Sosyal medya üzerinden yaptığı açıklamada Kılıç, Bakan Bak’ın sorumluluk beyanını olumlu karşıladığını belirtti ancak şu ifadelerle eleştiride bulundu:
“Bu olay, öğrencilerin seslerini duyurabildikleri için gündeme geldi. Sorun sadece bu vakayla sınırlı değil. Gençlerin barınma sorunu müstakil değil, bütüncül bir yönetim krizinin yansımasıdır.”
Kılıç, Bakanlığın sık sık vurguladığı “1 milyonluk KYK kapasitesinin” ihtiyacı karşılamadığını belirtti. Türkiye’de yalnızca örgün eğitimde 4 milyona yakın, ikinci öğretimle birlikte 6 milyonu aşkın üniversite öğrencisi bulunduğunu hatırlatan Kılıç, bu öğrencilerin büyük kısmının yaşadığı şehirlerin dışında eğitim aldığını ifade etti.
“Bu sayıların yanında 1 milyonluk kapasite ihtiyacın yarısından azına denk geliyor. Sürekli ‘kapasite’ vurgusu yapılıyor; bu yeni bina mı, yoksa odalara eklenen ranza sistemleri mi?”

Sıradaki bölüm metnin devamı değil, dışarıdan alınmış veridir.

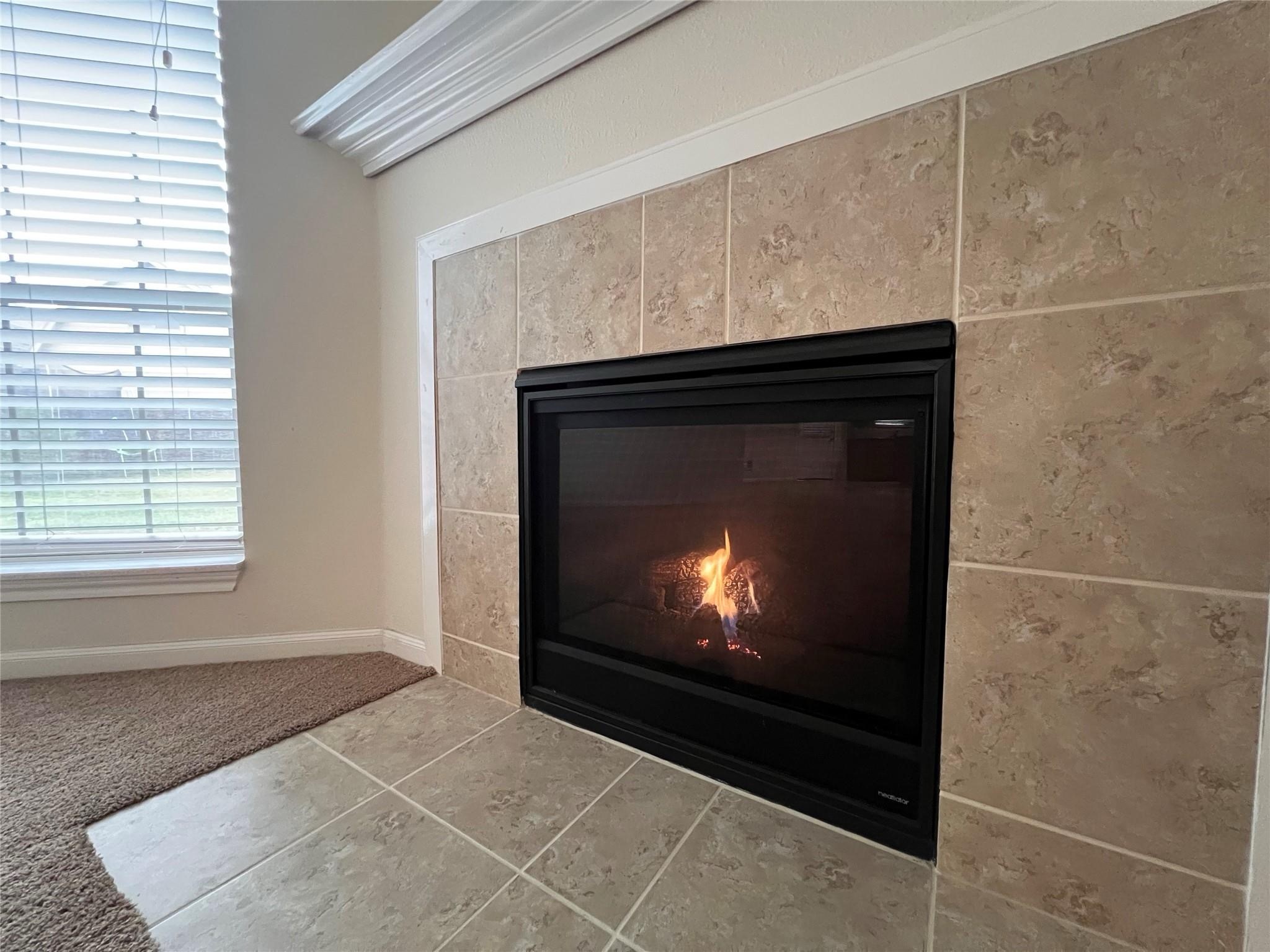 2502 Redrock Road League City, TX 77573 - Photo 6 of 19 A remote start fireplace provides effortless warmth and ambiance, adding a touch of cozy and convenience to your living space.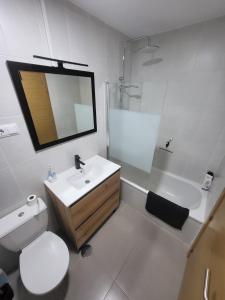 a bathroom with a toilet and a sink and a shower at Golf Las Terrazas de La Torre LRVDM House in Roldán
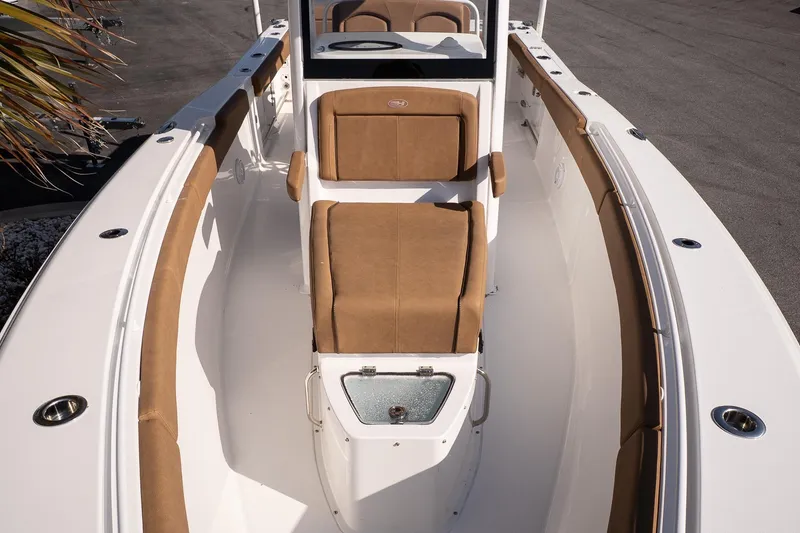 Slide: The Image of 2021 Sea Hunt Gamefish 27 Coffin Box boat interior with tan seating and white deck. - 16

Kılıç, KYK yurtlarındaki sorunların yalnızca yatak kapasitesiyle sınırlı olmadığını, güvenlik, hijyen, yemek, psiko-sosyal destek ve yaşam kalitesi gibi alanlarda da ciddi eksiklikler bulunduğunu söyledi. Ayrıca, geçmişte yaşanan asansör kazaları, hırsızlık olayları ve taciz vakalarına da dikkat çekti.
“Fiziki koşulları tamamlanmamış yurtlar neden öğrencilere açılıyor? Sağlıksız yemek, çalınan eşyalar, güvenlik zafiyetleri neden önlenemiyor?”
CHP’li Kılıç, iktidarın 2002 yılıyla kıyaslamalı başarı söylemlerini de eleştirerek, öğrenci sayısındaki artış, geçim maliyetleri ve özel yurt fiyatlarının hesaba katılmadığını vurguladı:
“2002 kıyaslarıyla gerçekleri perdeleyemezsiniz. Öğrenci sayıları artarken, gelirler azaldı. Kira krizi, özel yurt ücretleri ve geçim derdi göz ardı edilemez.”
Kılıç açıklamasını, “Gençlerin barınma hakkı pazarlık konusu değil, devletin asli sorumluluğudur. Rakamlarla makyajlanan bu krizi gençler susmayarak görünür kıldı. Biz de onların yanında durmaya devam edeceğiz” ifadeleriyle tamamladı.